Читать книгу Windows 11 For Dummies - Andy Rathbone - Страница 47
Shrinking windows to the taskbar and retrieving them
ОглавлениеWindows spawn windows. You start with one window to write a letter of praise to your local deli. You open another window to check an address, and then yet another to ogle an online menu. Before you know it, four windows are crowded across the desktop.
To combat the clutter, Windows provides a simple means of window control: You can transform a window from a screen-cluttering square into a tiny button on the taskbar along the bottom of the screen. The solution is the Minimize button.
See the three buttons lurking in just about every window’s upper-right corner? Click the Minimize button — the button with the little line in it, shown in the margin. Whoosh! The window disappears, and is instead represented by its little icon on the taskbar, located as always at the bottom of the screen.
To make a minimized program on the taskbar revert to a regular, onscreen window, just click its icon on the taskbar.
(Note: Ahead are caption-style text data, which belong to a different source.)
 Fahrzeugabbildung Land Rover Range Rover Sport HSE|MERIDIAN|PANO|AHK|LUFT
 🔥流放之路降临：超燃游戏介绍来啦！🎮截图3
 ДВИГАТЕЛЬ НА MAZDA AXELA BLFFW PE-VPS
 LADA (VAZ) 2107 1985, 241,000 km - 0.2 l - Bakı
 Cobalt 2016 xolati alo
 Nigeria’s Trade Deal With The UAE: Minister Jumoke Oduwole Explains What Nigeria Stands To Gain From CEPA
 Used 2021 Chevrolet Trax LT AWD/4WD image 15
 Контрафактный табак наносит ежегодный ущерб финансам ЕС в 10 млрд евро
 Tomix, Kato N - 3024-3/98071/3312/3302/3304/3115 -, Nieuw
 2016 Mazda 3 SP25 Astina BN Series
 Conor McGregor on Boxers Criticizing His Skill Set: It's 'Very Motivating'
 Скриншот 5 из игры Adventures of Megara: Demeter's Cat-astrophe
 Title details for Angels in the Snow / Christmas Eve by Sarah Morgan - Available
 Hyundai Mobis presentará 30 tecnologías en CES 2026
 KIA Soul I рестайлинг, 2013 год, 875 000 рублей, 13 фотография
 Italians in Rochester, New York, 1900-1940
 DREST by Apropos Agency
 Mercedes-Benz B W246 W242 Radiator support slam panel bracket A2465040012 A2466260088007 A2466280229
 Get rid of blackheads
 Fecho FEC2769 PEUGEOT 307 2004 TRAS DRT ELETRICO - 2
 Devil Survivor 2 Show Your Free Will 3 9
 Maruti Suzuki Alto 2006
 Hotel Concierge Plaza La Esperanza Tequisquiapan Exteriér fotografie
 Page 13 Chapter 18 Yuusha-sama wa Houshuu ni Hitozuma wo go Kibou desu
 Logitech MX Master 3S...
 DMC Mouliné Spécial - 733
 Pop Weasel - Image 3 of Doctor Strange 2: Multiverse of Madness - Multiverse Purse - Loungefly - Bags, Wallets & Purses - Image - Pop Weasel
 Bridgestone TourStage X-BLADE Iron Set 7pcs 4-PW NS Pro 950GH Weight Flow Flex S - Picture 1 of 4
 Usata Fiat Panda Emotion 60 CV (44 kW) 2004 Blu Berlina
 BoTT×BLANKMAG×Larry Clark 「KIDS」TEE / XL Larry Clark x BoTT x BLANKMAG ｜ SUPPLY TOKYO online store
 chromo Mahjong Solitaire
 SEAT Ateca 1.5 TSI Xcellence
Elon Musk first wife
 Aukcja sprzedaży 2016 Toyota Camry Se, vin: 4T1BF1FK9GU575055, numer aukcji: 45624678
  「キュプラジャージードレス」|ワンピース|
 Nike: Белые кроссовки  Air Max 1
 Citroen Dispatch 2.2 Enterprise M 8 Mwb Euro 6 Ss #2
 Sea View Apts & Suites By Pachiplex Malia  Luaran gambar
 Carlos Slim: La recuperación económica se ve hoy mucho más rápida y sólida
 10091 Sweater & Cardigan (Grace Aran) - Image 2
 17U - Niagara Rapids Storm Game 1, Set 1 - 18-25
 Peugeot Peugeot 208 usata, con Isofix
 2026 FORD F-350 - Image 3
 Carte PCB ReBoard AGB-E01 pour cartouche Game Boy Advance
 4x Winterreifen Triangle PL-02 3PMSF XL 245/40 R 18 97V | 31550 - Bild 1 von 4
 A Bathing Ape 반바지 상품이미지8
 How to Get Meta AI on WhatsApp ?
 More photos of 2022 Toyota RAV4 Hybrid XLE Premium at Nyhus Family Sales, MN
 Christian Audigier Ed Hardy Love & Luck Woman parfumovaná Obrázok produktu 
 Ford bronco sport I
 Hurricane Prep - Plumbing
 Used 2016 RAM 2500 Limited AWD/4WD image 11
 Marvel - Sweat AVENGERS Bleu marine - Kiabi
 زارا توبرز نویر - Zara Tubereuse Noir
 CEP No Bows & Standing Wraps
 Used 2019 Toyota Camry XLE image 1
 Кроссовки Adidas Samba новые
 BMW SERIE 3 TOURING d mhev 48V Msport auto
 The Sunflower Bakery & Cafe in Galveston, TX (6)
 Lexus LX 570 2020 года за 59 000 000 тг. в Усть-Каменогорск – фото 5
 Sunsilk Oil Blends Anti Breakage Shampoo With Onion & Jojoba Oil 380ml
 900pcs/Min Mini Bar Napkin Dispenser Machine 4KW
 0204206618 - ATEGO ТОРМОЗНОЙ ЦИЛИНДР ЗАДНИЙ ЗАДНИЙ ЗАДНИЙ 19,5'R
Pretty simple, huh?
It is simple, if you keep these things in mind:
Can’t find the taskbar icon for the window you want to minimize or maximize? If you hover your mouse pointer over the taskbar icon, Windows displays a thumbnail photo of that program or the program’s name.
If one program has several open files, say, Microsoft Word, then hover your mouse pointer over the Microsoft Word icon: A list appears, showing thumbnails of each open file. Click a thumbnail to return to that particular file.
When you minimize a window, you neither destroy its contents nor close the program. And when you click the window’s name on the taskbar, it reopens to the same size you left it, showing its same contents.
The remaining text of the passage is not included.